Re: [PATCH] preprocessor/58580 - preprocessor goes OOM with warning for zero literals
Jakub Jelinek writes: > On Thu, Oct 31, 2013 at 03:36:07PM +0100, Bernd Edlinger wrote: >> if you want to read zero-chars, why don't you simply use fgetc, >> optionally replacing '\0' with ' ' in read_line? > > Because it is too slow? > > getline(3) would be much better for this purpose, though of course > it is a GNU extension in glibc and so we'd need some fallback, which > very well could be the fgetc or something similar.
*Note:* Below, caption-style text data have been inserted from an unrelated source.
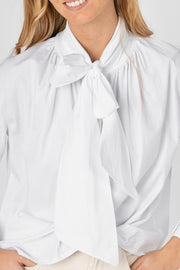 Blusa laço branco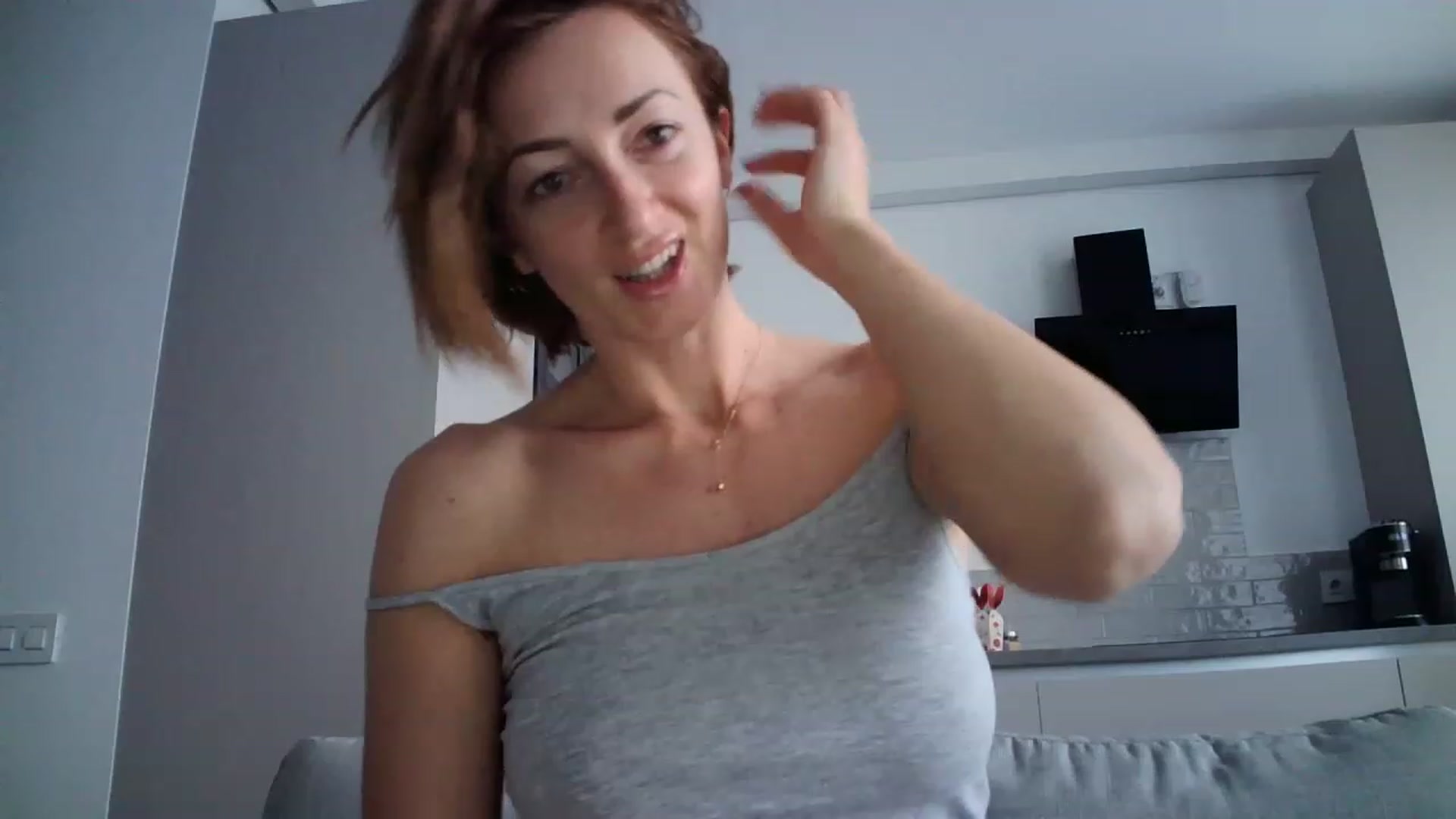 Gallery image thumbnail from AryaS's myfreecams stream on, 12/01/2022, 15:35 image 5 of 20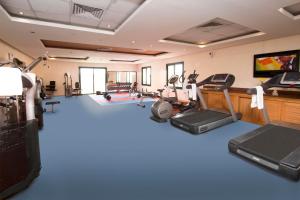The fitness centre and/or fitness facilities at Swiss Inn Plaza Hotel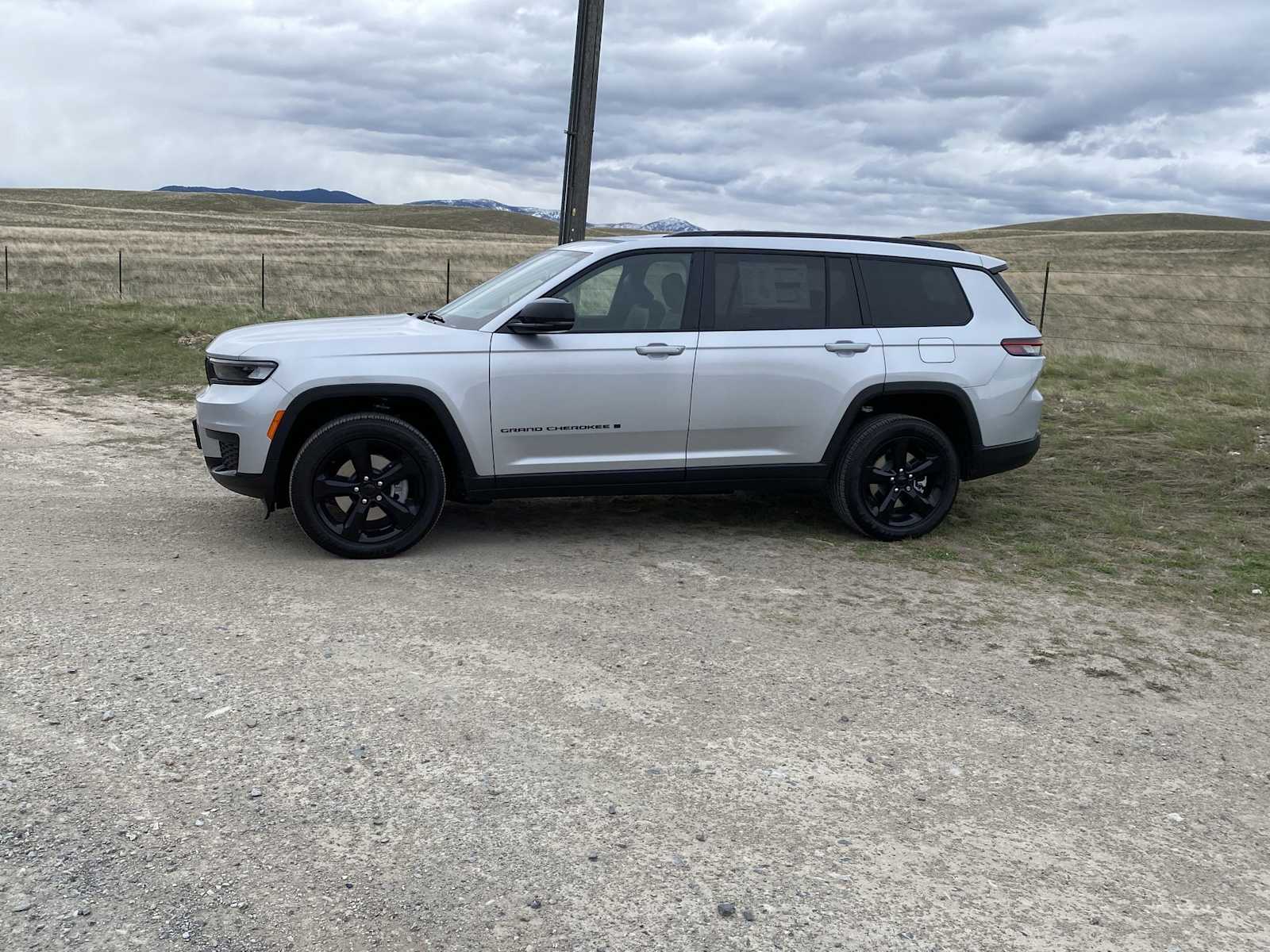 2024 Jeep Grand Cherokee L Altitude 10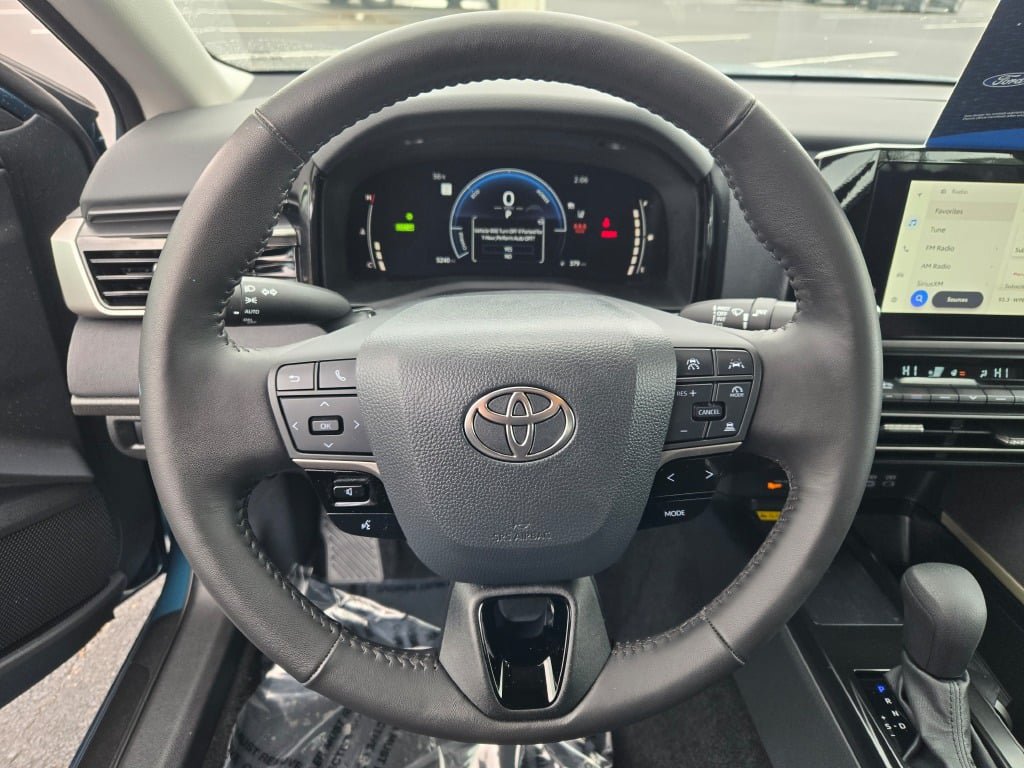 Used 2026 Toyota Camry LE w/ Convenience Package FWD image 30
So would getline (+ the current patch as a fallback) be acceptable? -- Dodji
Re: [PATCH] preprocessor/58580 - preprocessor goes OOM with warning for zero literals
On Thu, Oct 31, 2013 at 03:36:07PM +0100, Bernd Edlinger wrote: > if you want to read zero-chars, why don't you simply use fgetc, > optionally replacing '\0' with ' ' in read_line? Because it is too slow? getline(3) would be much better for this purpose, though of course it is a GNU extension in glibc and so we'd need some fallback, which very well could be the fgetc or something similar. Jakub
RE: [PATCH] preprocessor/58580 - preprocessor goes OOM with warning for zero literals
Hi, if you want to read zero-chars, why don't you simply use fgetc, optionally replacing '\0' with ' ' in read_line? Bernd.